Das Bun­des­gericht rief zunächst seine Recht­sprechung zur Währung, in welch­er ein Gläu­biger seine Anträge stellen müsse, und die Kon­se­quenz von Anträ­gen in ein­er falschen Währung in Erin­nerung (E. 5). So müsse ein Gläu­biger Geld­schulden unab­hängig von ihrem Grund in der Währung des Staates fordern, in dem die Ver­mö­gens­min­derung ein­trete, also in der Währung seines Wohn­sitzes oder seines Sitzes (E. 5.1). Eine fälschlicher­weise in Schweiz­er Franken ein­geleit­ete Klage müsse abgewiesen wer­den. Dem Gläu­biger verbleibe indessen die Möglichkeit, eine neue Klage in aus­ländis­ch­er Wàhrung einzure­ichen. Im Hin­blick auf die Einrede der materiellen Recht­skraft (Art. 59 Abs. 2 Bst. e ZPO) sei der Gegen­stand der neuen Klage in aus­ländis­ch­er Währung nicht iden­tisch mit dem Gegen­stand des ersten Urteils in Schweiz­er Franken (E. 5.2).

Hin­sichtlich der Frage, ob die erste Klage, deren Rechts­begehren auf Schweiz­er Franken gelautet hat­ten und die inner­halb der zehn­jähri­gen Ver­jährungs­frist (Art. 127 OR) ein­gere­icht wor­den war, die Ver­jährungs­frist für die Schaden­er­satz­forderung der Klägerin unter­brochen hätte, erin­nerte das Bun­des­gericht zunächst an das öffentliche Inter­esse des Insti­tuts der Ver­jährung (E. 6.1) sowie an die Möglichkeit­en, die Ver­jährung zu unter­brechen, und den Anforderun­gen an eine solche Unter­brechung (E. 6.2). Dabei wies das Bun­des­gericht darauf hin, dass die unrichtige Beze­ich­nung ein­er Partei ohne Fol­gen hin­sichtlich der Ver­jährung­sun­ter­brechung bleibe, wenn die Iden­tität der richti­gen Partei klar erkennbar sei (E. 6.2.1.2).

Im Ein­klang mit dieser Recht­sprechung und dem Ver­trauensgrund­satz, auf dem die Gültigkeit der Ver­jährung­sun­ter­brechung trotz der unrichti­gen Beze­ich­nung ein­er Partei beruhe, sei, so das Bun­des­gericht, anzunehmen, dass ein Gläu­biger, der rechtzeit­ig eine erste Klage in Schweiz­er Franken für eine in aus­ländis­ch­er Währung geschuldete Forderung an eine Schlich­tungs­be­hörde ein­gere­icht habe, die Ver­jährungs­frist wirk­sam unter­breche.
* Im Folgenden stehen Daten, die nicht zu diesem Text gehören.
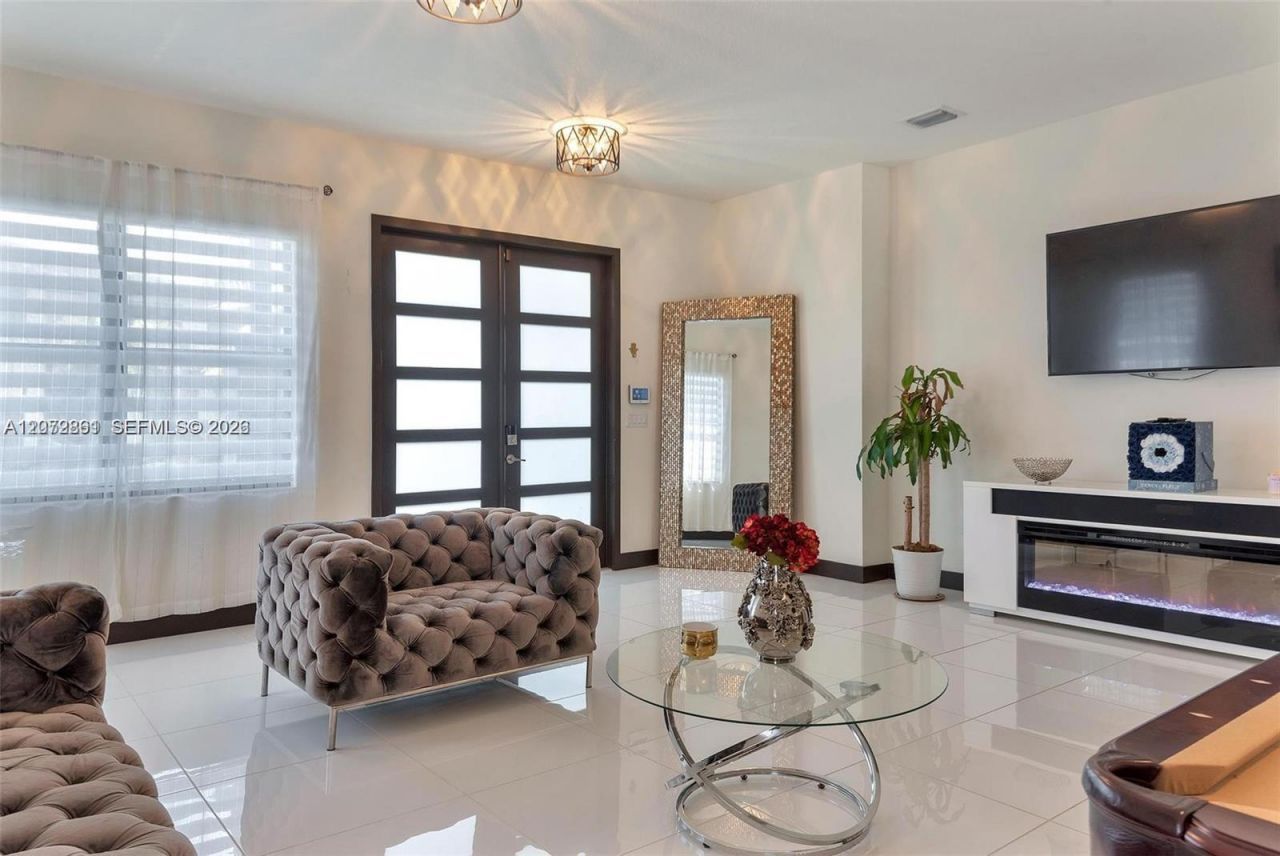 8820 NW 155th Ter , Miami Lakes, FL 33018 Photo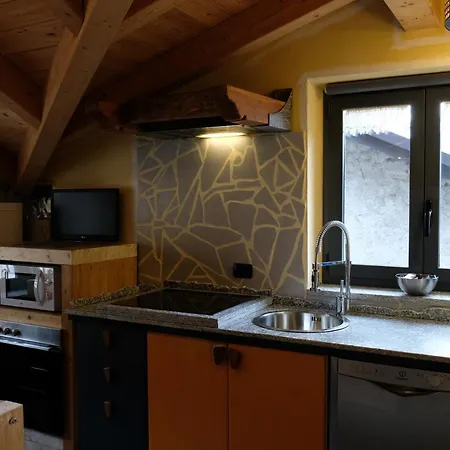 Apartamento Montemezzo Le In Pietra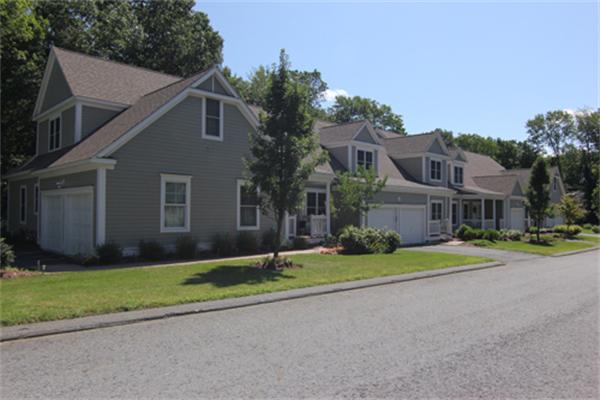 4 Sanctuary Ln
Der Gläu­biger habe damit ein­er amtlichen Stelle seine Absicht, die Zahlung sein­er Forderung zu erwirken, ord­nungs­gemäss mit­geteilt und sein Schuld­ner hätte diese Absicht ver­standen oder nach dem Ver­trauen­sprinzip ver­ste­hen müssen. Die Forderung sei durch ihre Grund­lage hin­re­ichend indi­vid­u­al­isiert, und die Beträge in Schweiz­er Franken und Euro seien nur zwei Seit­en der­sel­ben Medaille. Diese Lösung dränge sich gemäss Bun­des­gericht aus zwei weit­eren Grün­den auf: Erstens unter­breche ein (zwin­gend) in Schweiz­er Franken aus­gestelltes Betrei­bungs­begehren die Ver­jährung der in aus­ländis­ch­er Währung geschulde­ten Forderung wirk­sam; zweit­ens erlasse das Gericht, wenn es mit Anträ­gen auf Zahlung und Recht­söff­nung befasst sei, für ein und dieselbe Forderung gle­ichzeit­ig eine Verurteilung in aus­ländis­ch­er Währung und die Recht­söff­nung des Rechtsvorschlags gegen den Zahlungs­be­fehl in Schweiz­er Franken. Es wäre damit nicht einzuse­hen, weshalb die Ver­jährung ein­er Forderung in aus­ländis­ch­er Währung durch ein Betrei­bungs­begehren in Schweiz­er Franken unter­brochen wer­den kön­nte, nicht aber durch ein Schlich­tungs­begehren in Schweiz­er Franken (E. 6.2.2).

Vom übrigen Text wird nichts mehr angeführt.